Task to complete ->
Where in the data below does the word "dark" appear? Copy each line that holds it.

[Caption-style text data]
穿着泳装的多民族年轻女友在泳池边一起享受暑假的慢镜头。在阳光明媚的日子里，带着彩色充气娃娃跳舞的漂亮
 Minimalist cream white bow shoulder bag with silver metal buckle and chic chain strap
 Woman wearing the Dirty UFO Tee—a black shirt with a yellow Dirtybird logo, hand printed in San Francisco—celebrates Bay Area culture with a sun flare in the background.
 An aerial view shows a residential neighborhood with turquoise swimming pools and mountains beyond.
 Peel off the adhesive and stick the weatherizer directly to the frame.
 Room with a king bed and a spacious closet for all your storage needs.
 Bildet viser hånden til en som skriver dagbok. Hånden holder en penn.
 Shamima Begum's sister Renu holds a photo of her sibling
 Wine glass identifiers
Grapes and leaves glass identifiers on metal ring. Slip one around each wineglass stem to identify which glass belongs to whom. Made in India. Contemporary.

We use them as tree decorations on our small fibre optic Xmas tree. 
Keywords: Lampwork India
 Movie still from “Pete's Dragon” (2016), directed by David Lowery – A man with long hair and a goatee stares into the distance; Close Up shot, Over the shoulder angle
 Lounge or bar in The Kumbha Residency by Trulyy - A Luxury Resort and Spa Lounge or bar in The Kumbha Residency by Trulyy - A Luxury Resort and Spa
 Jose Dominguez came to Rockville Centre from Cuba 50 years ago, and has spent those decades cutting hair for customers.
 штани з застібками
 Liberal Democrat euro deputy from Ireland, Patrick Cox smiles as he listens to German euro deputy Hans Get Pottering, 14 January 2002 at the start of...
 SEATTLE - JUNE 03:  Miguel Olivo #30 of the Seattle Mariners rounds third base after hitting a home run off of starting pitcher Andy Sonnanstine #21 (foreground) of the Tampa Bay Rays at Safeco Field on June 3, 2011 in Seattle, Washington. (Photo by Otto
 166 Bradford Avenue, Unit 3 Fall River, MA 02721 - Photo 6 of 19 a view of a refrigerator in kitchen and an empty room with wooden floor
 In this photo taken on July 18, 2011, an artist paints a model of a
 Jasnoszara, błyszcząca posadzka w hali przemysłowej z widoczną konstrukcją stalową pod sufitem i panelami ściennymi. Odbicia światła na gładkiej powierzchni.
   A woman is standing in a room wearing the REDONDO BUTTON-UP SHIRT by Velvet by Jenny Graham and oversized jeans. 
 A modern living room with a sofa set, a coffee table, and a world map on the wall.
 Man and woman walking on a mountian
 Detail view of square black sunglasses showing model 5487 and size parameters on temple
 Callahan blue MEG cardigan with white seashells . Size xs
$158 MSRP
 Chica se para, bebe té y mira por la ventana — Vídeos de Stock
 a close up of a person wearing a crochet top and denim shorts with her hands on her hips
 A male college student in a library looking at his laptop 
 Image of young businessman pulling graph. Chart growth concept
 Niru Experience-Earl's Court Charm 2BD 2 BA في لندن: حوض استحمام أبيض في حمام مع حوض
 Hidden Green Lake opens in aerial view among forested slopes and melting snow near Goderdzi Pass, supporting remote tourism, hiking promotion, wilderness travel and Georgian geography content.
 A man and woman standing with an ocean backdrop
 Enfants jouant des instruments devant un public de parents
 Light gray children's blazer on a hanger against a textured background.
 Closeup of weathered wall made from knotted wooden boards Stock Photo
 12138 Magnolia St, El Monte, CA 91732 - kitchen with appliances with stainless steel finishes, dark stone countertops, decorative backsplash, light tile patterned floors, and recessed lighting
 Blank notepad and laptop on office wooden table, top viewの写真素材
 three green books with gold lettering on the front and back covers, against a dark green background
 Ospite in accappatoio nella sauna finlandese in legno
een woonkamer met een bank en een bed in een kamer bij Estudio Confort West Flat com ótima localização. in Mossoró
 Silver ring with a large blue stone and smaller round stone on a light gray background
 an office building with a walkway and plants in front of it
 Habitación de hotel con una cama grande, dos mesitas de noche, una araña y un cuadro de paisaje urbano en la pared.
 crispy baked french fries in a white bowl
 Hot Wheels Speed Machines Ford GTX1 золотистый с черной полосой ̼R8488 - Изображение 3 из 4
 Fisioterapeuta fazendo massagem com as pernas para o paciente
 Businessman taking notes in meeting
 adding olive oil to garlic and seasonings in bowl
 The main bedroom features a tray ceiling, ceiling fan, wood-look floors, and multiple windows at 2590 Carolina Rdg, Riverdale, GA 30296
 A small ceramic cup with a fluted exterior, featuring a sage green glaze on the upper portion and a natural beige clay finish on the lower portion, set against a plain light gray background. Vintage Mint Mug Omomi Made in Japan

Result of the task ->
 12138 Magnolia St, El Monte, CA 91732 - kitchen with appliances with stainless steel finishes, dark stone countertops, decorative backsplash, light tile patterned floors, and recessed lighting
 three green books with gold lettering on the front and back covers, against a dark green background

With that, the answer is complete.